Im Jahr 2008 wurde der Vater schuldig erkannt, dem (außerehelichen) Sohn monatlichen Unterhalt in Höhe von 60 EUR zu zahlen, wobei bei der Unterhaltsbemessung berücksichtigt wurde, dass der Vater durch Zurverfügungstellung von Wohnraum Naturalunterhalt im Wert von (zumindest) 240 EUR leistet. Der Minderjährige lebt gemeinsam mit seiner Mutter in einem Haus, das dieser und dem Vater je zur Hälfte gehört.

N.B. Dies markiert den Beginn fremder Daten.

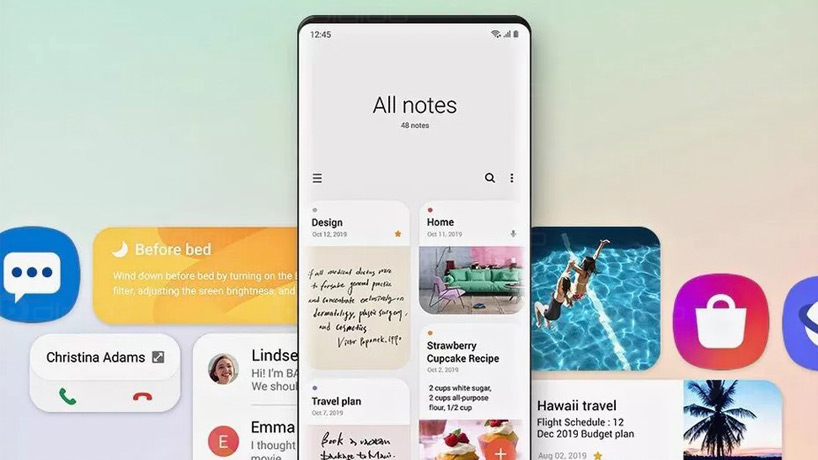معرفی رابط کاربری One UI 2 سامسونگ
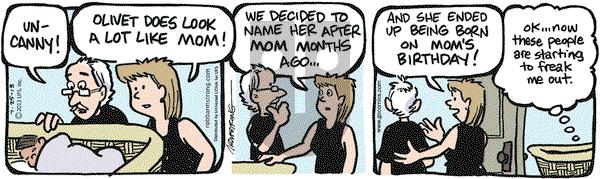 JumpStart on Thursday July 25, 2013 Comic Strip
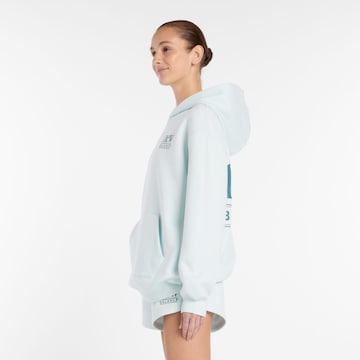 Felpa di new balance in blu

Der Minderjährige begehrte nun die Erhöhung der Unterhaltsleistung ab 1. 10. 2013 auf monatlich 412 EUR, wobei er unter anderem vorbrachte, er bekomme vom Vater keinen auf dessen Unterhaltspflicht anzurechnenden Naturalunterhalt, weil dieser keinerlei Kosten für die Liegenschaft trage und die Mutter sämtliche „Rückzahlungsverbindlichkeiten für die Liegenschaft“ habe leisten müssen. Bei der seinerzeitigen Unterhaltsbemessung sei davon ausgegangen worden, dass sich der Vater an den laufenden Betriebs‑ und Erhaltungskosten bzw Kreditrückzahlungen beteilige.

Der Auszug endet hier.